If Glass Onion felt a bit too sunny for you, director Rian Johnson’s third Knives Out film Wake Up Dead Man injects a jab of gothic mystery and a surprisingly thoughtful depiction of the power of faith to reinvigorate the modern whodunit series.
Though Daniel Craig is as fun as ever as Benoit Blanc, the eccentric private detective dropped into the modern world, this is Josh O’Connor’s show as Jud Duplenticy, an earnest priest with a checkered past. Not quite able to shake his past as a boxer, Reverend Jud is shipped off to a menacing parish in a small upstate New York town after accidentally punching an annoying church deacon in the face. O’Connor’s character is the light of the film, and the most realized. He’s a man both struggling with past tragedy while wanting to do good in the world, in over his head while trying to remain calm and composed.
His desire to help out a struggling parish runs straight into Monsignor Jefferson Wicks (Josh Brolin), who—when he’s not inundating Reverend Jud with the minute details of his self-pleasure sin—is actively alienating everyone in the town other than those most devoted to, or beaten down by, his fire-and-brimstone sermons centered around Wicks’s “harlot whore” mother. As tensions rise leading up to the Easter service between Jud and Wicks over the future direction of the church, an “impossible” murder occurs, casting suspicion on Jud and the other members of the church. Good thing Benoit Blanc shows up just in time to make sense of the chaos!
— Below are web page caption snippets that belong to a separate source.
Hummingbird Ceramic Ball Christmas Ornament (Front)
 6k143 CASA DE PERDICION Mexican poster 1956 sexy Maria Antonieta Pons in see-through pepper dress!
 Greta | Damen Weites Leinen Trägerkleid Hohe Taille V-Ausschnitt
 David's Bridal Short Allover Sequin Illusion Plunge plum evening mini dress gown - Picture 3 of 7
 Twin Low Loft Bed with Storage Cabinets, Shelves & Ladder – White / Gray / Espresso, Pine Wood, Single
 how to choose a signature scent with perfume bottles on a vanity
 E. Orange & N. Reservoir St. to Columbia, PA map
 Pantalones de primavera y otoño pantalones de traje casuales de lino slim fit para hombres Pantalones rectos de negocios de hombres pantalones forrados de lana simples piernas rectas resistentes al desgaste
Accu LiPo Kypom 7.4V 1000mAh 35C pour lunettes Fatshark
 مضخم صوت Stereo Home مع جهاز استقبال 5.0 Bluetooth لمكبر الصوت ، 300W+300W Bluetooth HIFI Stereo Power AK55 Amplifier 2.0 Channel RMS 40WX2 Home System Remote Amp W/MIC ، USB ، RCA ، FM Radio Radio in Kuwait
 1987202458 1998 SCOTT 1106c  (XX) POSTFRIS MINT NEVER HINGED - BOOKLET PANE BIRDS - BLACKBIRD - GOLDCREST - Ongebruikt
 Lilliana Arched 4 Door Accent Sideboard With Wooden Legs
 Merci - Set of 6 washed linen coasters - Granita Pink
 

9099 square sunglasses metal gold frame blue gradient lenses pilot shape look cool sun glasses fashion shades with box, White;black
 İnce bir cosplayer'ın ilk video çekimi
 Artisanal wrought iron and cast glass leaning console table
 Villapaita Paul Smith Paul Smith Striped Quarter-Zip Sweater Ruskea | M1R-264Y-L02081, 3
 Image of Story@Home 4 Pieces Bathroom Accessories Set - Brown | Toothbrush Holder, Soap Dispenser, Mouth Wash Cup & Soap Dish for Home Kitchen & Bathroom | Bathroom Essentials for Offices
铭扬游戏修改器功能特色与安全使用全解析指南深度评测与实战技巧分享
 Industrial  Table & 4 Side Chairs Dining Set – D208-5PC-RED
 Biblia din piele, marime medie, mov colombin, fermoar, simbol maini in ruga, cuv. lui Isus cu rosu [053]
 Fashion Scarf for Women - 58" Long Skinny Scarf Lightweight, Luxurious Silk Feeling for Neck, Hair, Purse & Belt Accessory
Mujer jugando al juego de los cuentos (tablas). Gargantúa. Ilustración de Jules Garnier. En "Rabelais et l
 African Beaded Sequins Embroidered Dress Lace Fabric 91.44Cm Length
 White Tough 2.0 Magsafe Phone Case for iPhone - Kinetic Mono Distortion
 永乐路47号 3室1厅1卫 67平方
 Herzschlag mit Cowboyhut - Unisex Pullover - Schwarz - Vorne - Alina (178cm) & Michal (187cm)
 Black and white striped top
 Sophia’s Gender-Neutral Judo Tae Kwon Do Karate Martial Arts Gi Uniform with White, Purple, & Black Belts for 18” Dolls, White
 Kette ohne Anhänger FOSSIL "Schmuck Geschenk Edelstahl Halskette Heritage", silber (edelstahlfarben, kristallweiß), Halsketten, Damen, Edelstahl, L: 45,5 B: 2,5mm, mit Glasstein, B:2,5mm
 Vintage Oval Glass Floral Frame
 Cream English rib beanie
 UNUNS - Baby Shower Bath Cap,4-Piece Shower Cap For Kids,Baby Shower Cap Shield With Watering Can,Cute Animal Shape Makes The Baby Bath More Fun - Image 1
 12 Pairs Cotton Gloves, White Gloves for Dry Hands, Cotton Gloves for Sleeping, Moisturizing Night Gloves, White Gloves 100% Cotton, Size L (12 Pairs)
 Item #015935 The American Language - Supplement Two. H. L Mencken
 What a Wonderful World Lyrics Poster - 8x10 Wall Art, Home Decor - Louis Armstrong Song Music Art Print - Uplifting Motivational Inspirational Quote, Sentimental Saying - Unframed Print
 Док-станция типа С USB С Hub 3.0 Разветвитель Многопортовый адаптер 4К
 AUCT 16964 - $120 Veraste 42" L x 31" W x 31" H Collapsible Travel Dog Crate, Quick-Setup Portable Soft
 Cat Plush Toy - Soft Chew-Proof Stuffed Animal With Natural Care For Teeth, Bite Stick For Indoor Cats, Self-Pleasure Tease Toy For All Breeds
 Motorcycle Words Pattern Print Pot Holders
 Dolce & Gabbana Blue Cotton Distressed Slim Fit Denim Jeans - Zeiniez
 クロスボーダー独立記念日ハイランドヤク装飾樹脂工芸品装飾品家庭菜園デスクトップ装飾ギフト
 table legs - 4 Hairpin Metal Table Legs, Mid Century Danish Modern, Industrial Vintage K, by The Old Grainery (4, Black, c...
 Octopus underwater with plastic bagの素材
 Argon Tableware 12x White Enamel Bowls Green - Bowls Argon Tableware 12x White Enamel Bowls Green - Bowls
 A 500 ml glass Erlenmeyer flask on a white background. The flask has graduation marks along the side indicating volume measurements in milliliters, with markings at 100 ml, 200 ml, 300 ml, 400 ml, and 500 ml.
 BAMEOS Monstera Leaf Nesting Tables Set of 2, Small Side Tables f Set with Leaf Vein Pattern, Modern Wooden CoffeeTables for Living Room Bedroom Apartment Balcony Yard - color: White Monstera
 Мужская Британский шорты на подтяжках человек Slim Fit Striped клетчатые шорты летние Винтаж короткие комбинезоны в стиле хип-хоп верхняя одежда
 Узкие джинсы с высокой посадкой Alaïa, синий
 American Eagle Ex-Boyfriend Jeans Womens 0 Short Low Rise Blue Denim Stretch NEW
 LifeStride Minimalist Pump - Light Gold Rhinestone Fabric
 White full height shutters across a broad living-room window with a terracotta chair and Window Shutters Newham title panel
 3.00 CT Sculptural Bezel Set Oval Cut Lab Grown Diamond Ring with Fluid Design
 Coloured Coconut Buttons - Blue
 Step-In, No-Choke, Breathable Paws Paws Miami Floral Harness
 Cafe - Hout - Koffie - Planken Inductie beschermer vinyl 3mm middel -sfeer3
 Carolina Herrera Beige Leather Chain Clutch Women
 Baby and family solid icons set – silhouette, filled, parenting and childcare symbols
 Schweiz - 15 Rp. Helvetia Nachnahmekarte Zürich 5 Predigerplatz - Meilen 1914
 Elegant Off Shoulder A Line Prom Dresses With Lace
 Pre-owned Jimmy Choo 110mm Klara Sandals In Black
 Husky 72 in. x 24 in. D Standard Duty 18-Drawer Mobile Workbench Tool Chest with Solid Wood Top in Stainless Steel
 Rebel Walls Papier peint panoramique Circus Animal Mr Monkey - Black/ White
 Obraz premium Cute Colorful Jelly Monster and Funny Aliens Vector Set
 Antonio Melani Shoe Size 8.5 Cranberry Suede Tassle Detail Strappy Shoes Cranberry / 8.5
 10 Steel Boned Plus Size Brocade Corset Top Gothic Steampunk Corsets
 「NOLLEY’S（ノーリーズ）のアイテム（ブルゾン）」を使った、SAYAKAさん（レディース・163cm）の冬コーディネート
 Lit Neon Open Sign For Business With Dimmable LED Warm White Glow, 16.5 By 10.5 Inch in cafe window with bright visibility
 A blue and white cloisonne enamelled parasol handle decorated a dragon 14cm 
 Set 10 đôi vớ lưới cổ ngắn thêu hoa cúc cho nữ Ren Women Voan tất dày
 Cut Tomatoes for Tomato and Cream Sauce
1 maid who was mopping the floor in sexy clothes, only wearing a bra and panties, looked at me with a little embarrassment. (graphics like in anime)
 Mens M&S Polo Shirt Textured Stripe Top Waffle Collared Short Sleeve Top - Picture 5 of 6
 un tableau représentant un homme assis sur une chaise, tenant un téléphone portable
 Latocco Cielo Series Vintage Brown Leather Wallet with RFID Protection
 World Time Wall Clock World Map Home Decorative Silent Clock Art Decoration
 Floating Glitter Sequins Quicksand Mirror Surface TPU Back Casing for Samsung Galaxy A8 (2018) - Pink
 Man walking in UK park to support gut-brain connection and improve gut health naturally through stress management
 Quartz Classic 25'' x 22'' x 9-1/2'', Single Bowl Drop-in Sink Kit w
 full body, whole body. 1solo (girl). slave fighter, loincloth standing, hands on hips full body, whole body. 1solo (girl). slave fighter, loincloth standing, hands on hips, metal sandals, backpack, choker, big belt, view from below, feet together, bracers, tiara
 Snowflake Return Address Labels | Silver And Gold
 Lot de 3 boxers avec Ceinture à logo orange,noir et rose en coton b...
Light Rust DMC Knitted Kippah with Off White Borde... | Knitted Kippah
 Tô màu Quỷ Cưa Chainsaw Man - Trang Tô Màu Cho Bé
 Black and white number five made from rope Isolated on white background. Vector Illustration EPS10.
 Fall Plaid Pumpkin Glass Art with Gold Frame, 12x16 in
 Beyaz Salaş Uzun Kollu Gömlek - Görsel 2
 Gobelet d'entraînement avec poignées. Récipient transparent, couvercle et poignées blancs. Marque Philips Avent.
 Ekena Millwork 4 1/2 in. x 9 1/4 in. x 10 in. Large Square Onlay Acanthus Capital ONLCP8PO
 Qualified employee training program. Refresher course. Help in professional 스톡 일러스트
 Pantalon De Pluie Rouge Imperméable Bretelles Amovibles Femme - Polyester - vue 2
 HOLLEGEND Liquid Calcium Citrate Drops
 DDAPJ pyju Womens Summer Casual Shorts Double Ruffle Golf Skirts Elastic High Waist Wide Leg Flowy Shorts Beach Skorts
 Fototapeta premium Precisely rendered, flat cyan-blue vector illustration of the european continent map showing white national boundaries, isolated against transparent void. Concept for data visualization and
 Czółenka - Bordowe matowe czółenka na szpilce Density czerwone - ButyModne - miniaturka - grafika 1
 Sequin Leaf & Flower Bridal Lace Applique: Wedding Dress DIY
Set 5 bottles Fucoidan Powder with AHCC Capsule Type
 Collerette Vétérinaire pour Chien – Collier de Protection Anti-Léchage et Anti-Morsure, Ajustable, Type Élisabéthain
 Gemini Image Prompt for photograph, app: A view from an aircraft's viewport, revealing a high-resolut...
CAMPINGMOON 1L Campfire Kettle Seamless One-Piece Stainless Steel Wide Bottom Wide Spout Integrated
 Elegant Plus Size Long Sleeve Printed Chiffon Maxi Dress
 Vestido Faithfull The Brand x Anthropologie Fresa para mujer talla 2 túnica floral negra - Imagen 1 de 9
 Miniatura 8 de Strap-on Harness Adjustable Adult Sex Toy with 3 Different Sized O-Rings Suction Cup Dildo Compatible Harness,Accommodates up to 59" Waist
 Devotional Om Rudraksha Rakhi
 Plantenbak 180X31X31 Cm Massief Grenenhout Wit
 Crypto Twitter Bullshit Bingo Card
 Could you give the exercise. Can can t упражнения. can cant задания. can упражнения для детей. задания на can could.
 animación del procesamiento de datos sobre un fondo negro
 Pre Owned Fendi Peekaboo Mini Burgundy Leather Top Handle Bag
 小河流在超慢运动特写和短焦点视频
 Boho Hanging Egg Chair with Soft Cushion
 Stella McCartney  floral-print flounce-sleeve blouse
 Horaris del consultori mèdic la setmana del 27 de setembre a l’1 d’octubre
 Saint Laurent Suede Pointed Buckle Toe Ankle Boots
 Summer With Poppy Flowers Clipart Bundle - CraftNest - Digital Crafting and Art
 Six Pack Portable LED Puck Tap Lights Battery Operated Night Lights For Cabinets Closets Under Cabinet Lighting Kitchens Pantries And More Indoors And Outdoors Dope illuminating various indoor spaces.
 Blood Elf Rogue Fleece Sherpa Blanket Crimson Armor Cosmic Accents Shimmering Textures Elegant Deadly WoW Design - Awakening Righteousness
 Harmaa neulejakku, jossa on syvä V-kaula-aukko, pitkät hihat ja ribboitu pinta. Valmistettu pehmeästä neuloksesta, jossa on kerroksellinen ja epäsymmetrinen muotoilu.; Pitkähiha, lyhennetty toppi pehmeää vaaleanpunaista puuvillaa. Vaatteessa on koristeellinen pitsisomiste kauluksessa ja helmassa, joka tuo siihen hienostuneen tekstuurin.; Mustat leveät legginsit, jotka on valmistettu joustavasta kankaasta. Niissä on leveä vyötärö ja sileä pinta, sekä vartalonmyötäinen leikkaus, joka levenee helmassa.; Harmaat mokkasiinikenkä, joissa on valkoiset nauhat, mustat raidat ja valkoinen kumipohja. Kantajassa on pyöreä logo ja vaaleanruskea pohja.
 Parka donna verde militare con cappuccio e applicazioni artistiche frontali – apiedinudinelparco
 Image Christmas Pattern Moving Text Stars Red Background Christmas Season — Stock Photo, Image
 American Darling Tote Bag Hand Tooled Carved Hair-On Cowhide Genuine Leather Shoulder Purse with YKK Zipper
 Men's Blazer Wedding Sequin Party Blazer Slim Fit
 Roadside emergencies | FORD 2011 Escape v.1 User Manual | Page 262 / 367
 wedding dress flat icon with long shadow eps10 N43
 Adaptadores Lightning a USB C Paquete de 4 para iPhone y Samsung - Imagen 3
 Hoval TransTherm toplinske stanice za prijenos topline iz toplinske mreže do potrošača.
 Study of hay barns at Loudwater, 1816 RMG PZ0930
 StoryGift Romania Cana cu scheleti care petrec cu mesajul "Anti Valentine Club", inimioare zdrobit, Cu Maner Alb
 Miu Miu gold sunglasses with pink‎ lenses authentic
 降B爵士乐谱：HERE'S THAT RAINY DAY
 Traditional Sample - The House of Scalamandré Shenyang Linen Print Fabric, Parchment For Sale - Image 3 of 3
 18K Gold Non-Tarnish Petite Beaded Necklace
With now several mysteries under his belt, Johnson knows the genre inside and out. He understands why we return to detective mysteries over and over again, and how to keep the twists and turns trickling in. Even if this film’s extended cast—Glenn Close, Mila Kunis, Jeremy Renner, Kerry Washington, Thomas Haden Church, etc.—don’t all get as much screen time or much to do, there’s still a joy of interrogating all these ridiculous and hilarious characters.
Taking up most of the space is the Holmes-and-Watson parrying of Reverend Jud with Benoit Blanc: the believer and the skeptic. Apart from an impressive dialogue in the church about the necessity of storytelling when it comes to faith, thankfully Wake Up Dead Man lets both men be who they are without interrogating who is right or not. Instead, they balance out each other’s strengths, with Benoit learning grace and Jud harnessing his strength without losing control.
Woven between the genuine hilarity, fun twists, and goofy characters is a touching testament to faith and a sharp dissection of what’s gone wrong with faith in modern society. Monsignor Wicks’s religious message is full of cruelty designed to grow his cult of personality centered around his personal grievances. Cy Draven (Daryl McCormack) is a caricature of a conservative grifter who hopes harnessing Wicks’s message can help restart his failed political career when in fact he believes nothing. Simone Vivane (Cailee Spaeny) donates all her money to the church hoping it will heal her disability. Martha Delacroix (Glenn Close, in a very fun role) is dogmatic to a fault in upholding church tradition.
The Reverend Jud’s message of hope and repositioning the church to support its community feels totally alien in a world where religion is too often cudgel of misplaced anger and greed. While it’s not subtle in some of its characters or message, wanting a world where we care for each other can feel revolutionary—particularly when coming from a crowd-pleasing mystery.